Question

我是python和线程的新手。我编写了python代码，它充当网络爬虫，并在网站上搜索特定的关键字。我的问题是，如何使用线程同时运行我的类的三个不同实例。当其中一个实例找到关键字时，所有三个实例都必须关闭并停止对Web进行爬网。这是一些代码。

class Crawler:
      def __init__(self):
            # the actual code for finding the keyword 

 def main():  
        Crawl = Crawler()

 if __name__ == "__main__":
        main()

如何使用线程让Crawler同时进行三次不同的抓取？

Answer 1

似乎没有（简单）方法在Python中终止线程。

以下是并行运行多个HTTP请求的简单示例：

import threading

def crawl():
    import urllib2
    data = urllib2.urlopen("http://www.google.com/").read()

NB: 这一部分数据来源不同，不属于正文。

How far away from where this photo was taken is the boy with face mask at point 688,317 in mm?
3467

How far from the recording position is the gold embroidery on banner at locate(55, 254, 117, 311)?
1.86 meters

    print "Read google.com"

threads = []

for n in range(10):
    thread = threading.Thread(target=crawl)
    thread.start()

    threads.append(thread)

# to wait until all three functions are finished

print "Waiting..."

for thread in threads:
    thread.join()

print "Complete."

通过额外的开销，您可以使用更强大的multi-process aproach，并允许您终止类似线程的进程。

我已将示例扩展为使用它。我希望这会对你有所帮助：

import multiprocessing

def crawl(result_queue):
    import urllib2
    data = urllib2.urlopen("http://news.ycombinator.com/").read()

    print "Requested..."

    if "result found (for example)":
        result_queue.put("result!")

    print "Read site."

processs = []
result_queue = multiprocessing.Queue()

for n in range(4): # start 4 processes crawling for the result
    process = multiprocessing.Process(target=crawl, args=[result_queue])
    process.start()
    processs.append(process)

print "Waiting for result..."

result = result_queue.get() # waits until any of the proccess have `.put()` a result

for process in processs: # then kill them all off
    process.terminate()

print "Got result:", result

Answer 2

启动一个帖子很简单：

thread = threading.Thread(function_to_call_inside_thread)
thread.start()

创建一个事件对象，以便在完成后通知：

event = threading.Event()
event.wait() # call this in the main thread to wait for the event
event.set() # call this in a thread when you are ready to stop

事件触发后，您需要向抓取工具添加stop（）方法。

for crawler in crawlers:
    crawler.stop()

然后在线程上调用join

thread.join() # waits for the thread to finish

如果您进行任何此类编程，您将需要查看eventlet模块。它允许您编写“线程”代码，而没有线程的许多缺点。

Answer 3

首先，如果你是python的新手，我不建议面对线程。 习惯语言，然后处理多线程。

话虽如此，如果你的目标是并行化（你说“同时运行”），你应该知道在python中（或至少在默认实现中，CPython）多个线程不会真正并行运行，即使有多个处理器核心可用。阅读GIL（全球口译员锁）以获取更多信息。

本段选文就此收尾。